Bobbi had to twist to look at him. He picked up his football and flipped it into the air. “Mel is thinking he might go with me,” he said.

  “Mel thinks you’ve changed, too.”

  “What do you mean? What did he say?”

  “Just what I told you—that you turn everything into a joke. He told me your big thing lately is trying to see how many girls in the senior class you can kiss.”

  “So what? He’s trying to do the same thing. I’m just better at it than he is.”

  “So you’re the master, are you?”

  Wally tried to grin. “I don’t kiss and tell.”

  “You tell Mel—plenty.”

  Wally rolled his eyes. He couldn’t believe Mel would tell Bobbi all this stuff. “Hey, if the worst thing I do is kiss a few girls, I doubt I’ll be cast into outer darkness.”
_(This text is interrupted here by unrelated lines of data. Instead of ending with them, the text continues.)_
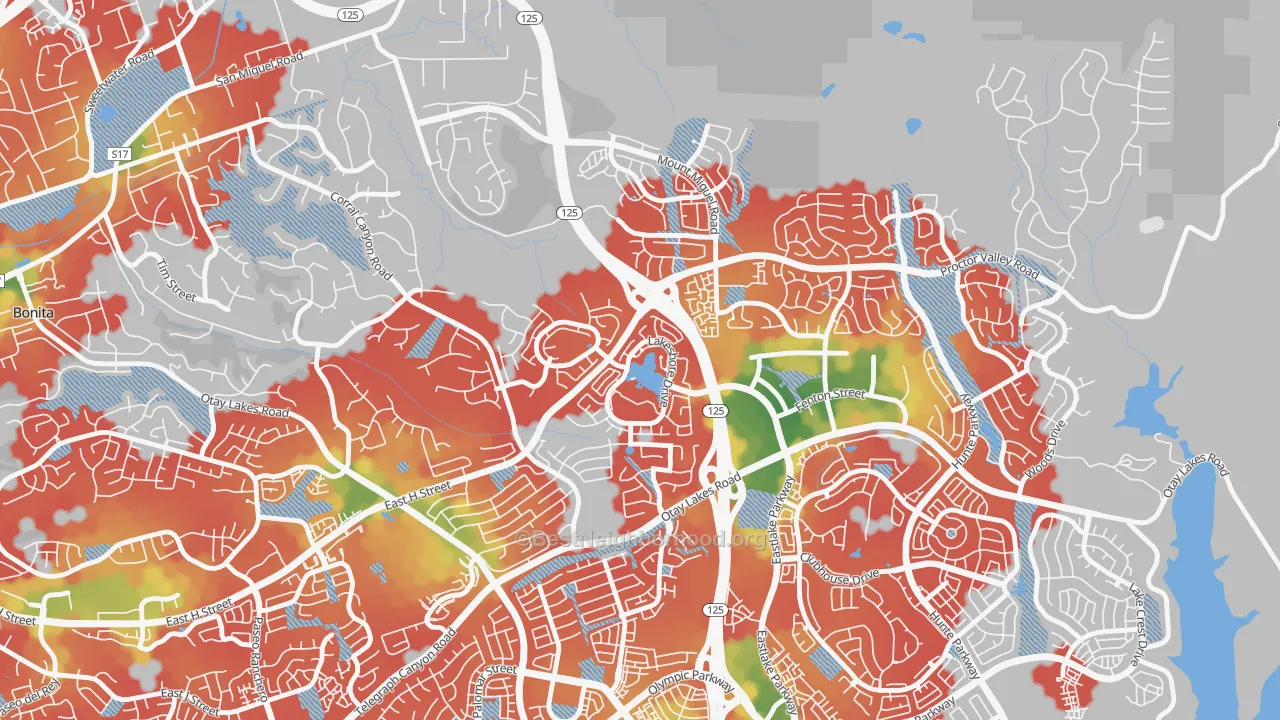 Walk Grade map of East Lake, Chula Vista, CA, walkable areas in green and car-dependent areas in red
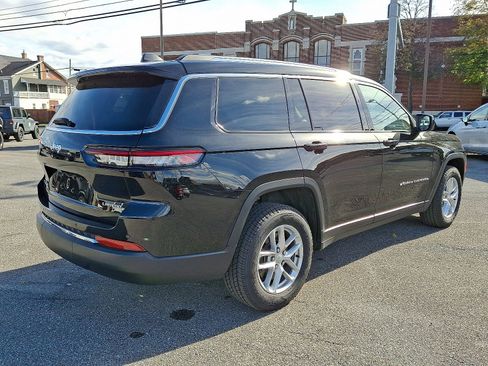 Used 2021 Jeep Grand Cherokee L Laredo w/ Luxury Tech Group I image 7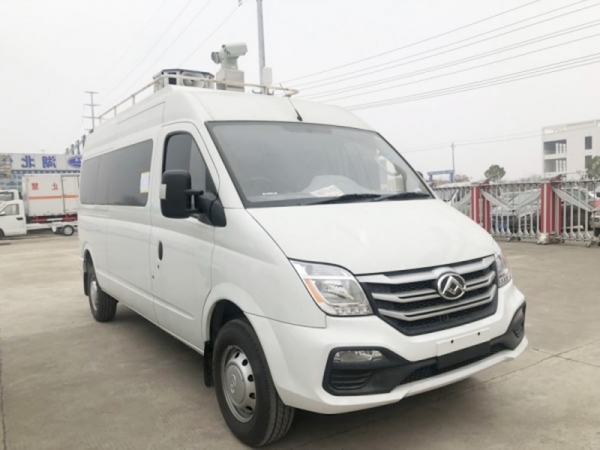 上汽大通V80多功能指挥车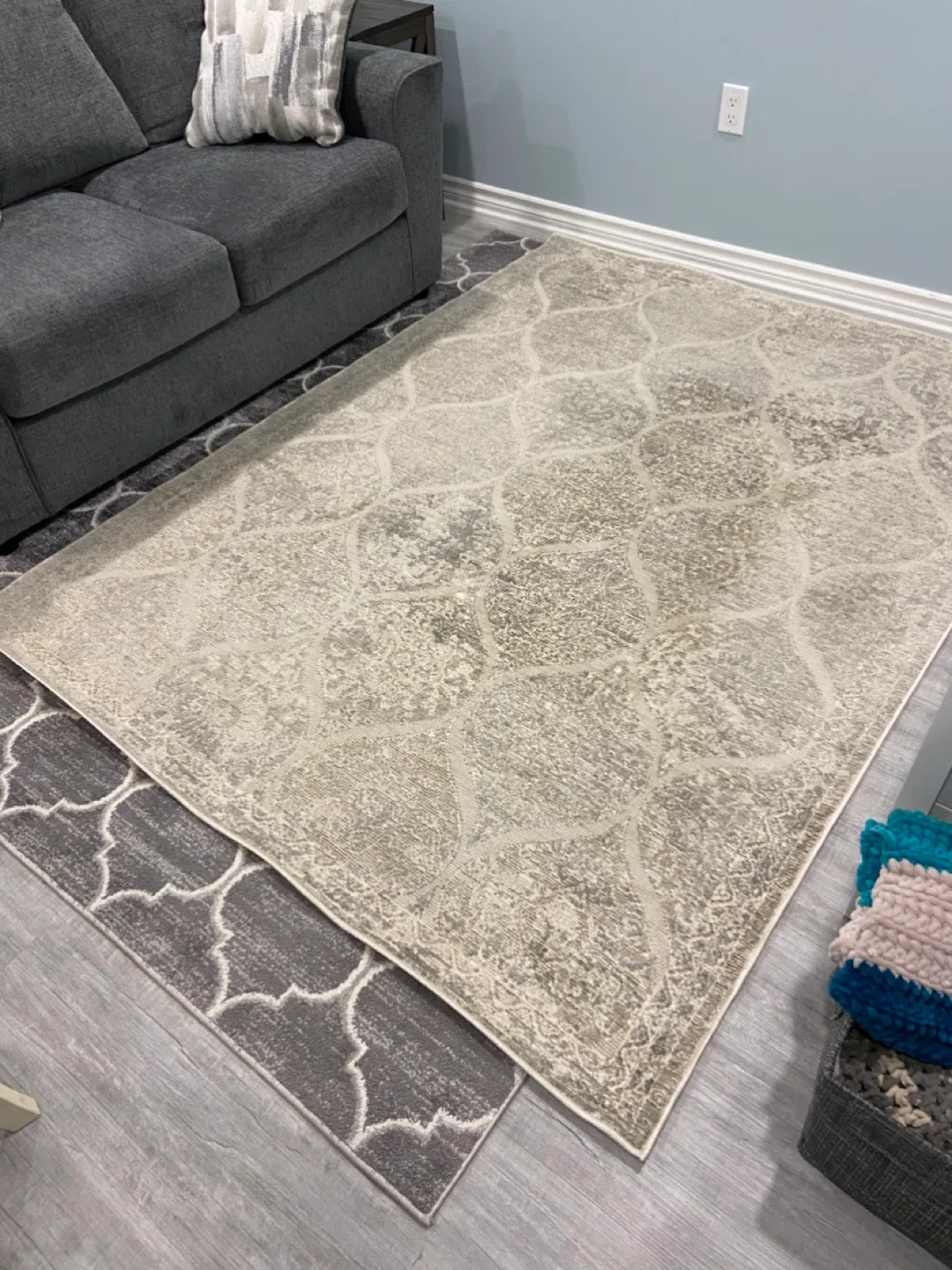 Area rug 5’7”x 7’ image indicator(2)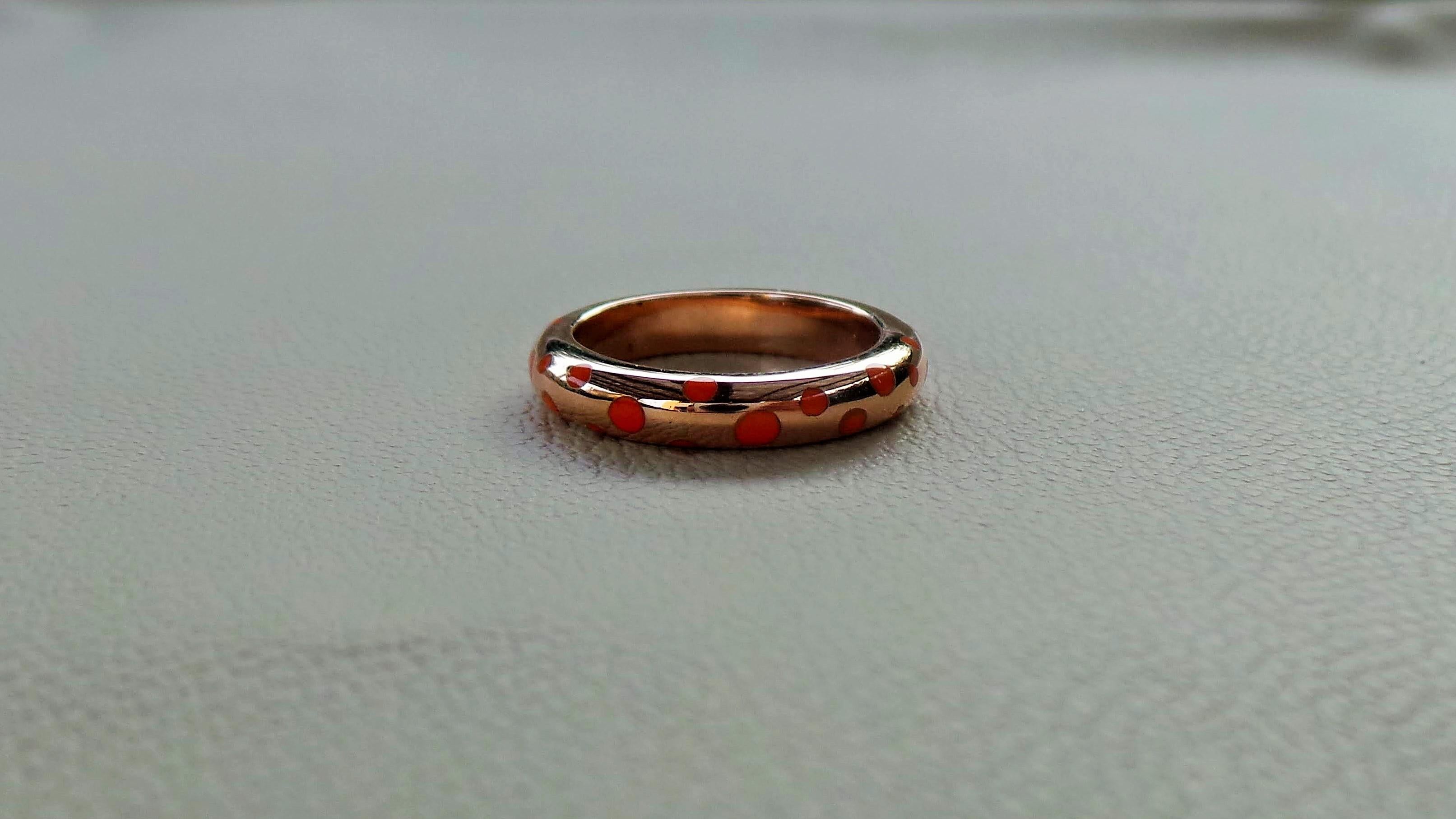 Andrea Macinai create a dedicated collection for stackable rings with enamel disegn.
Ring with clean and modern lines ,one line in rose gold. 
We're a workshop so every piece is handmade, customizable and resizable. Feel free to contact us for any
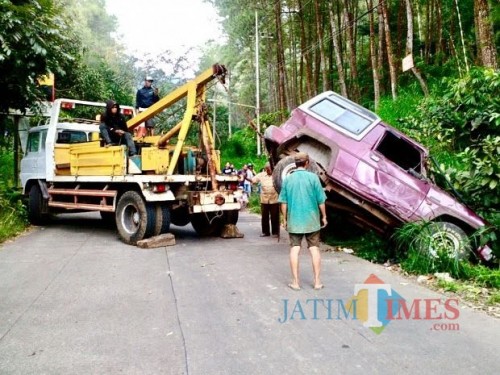 Salah satu kecelakaan di Jalan Rajekwesi Dusun Songgoriti, Kelurahan Songgokerto, Kecamatan Batu.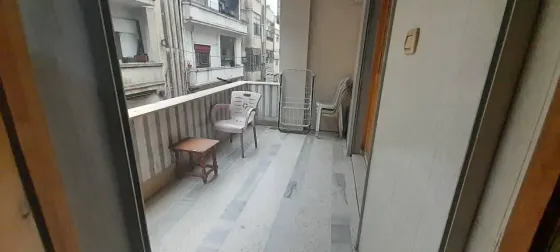 شقة للايجار//قرب دوار النزهة//حمص حمص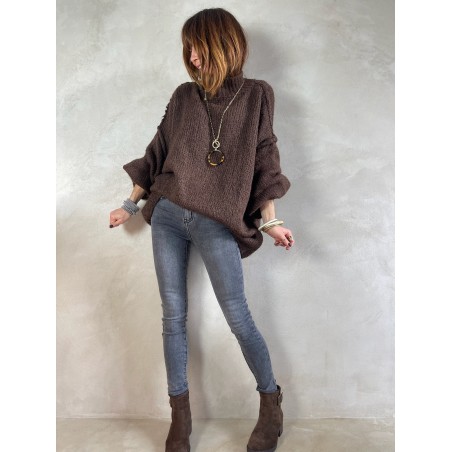 Pull coutures choco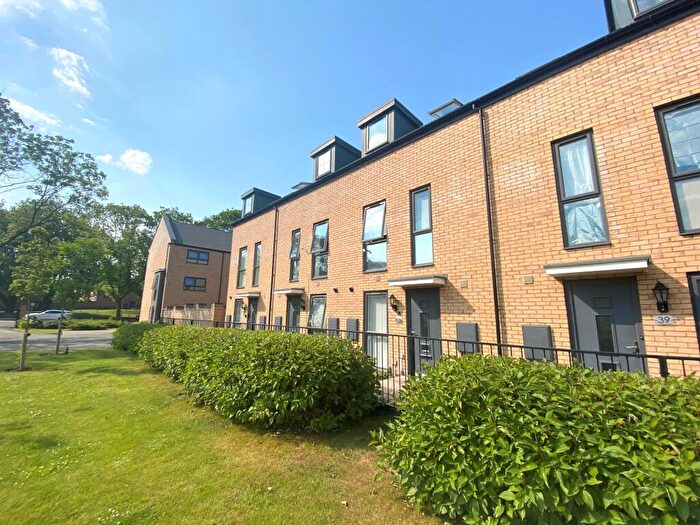 4 Bedroom House To Rent In Spooner Croft, Birmingham, B5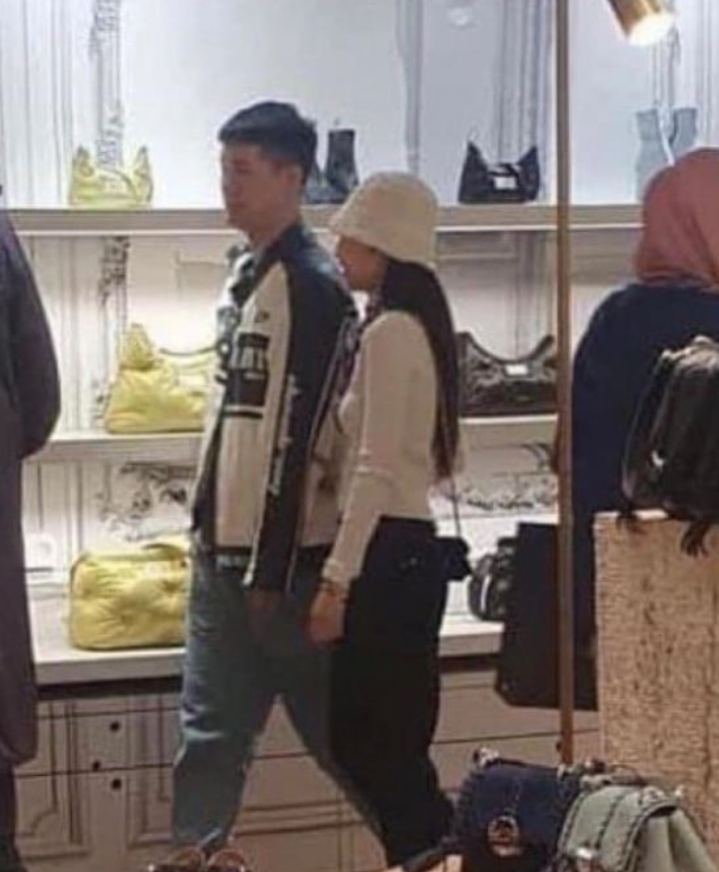Iclickforfun1's tweet photo. Look who's here! Do we need more proofs!?
#TAENIE #taennieisreal #TaennieInParis #KimTaehuyng #JENNIE #BLACKPINK #jenny https://t.co/fwBP6tzTjG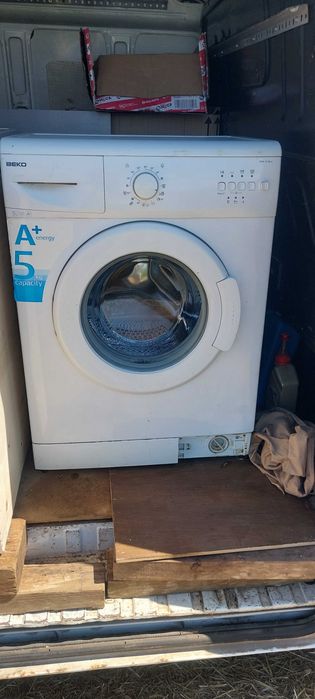 Se vinde masina de spalat  beko 5 kg perfect functionala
  “Wally, it’s not right to kiss girls you don’t really care about. It’s just playing with their feelings—for your own thrills. It’s all part of this attitude I’m seeing in you now.”

  “Bobbi, come on. You read too much into everything. I’ll get serious when I have to.”

  “I just worry about you. You’ve always been my buddy, but you’ve stopped telling me things.” She stood up and smoothed out her skirt. She still had on her pretty dress—dark blue and double breasted, with gold buttons. Her eyes were rather gray, but the blue of the dress brought more color out.

  “You wear your skirts too short. I think you need to repent and start wearing pioneer dresses. This is Zion, you know.”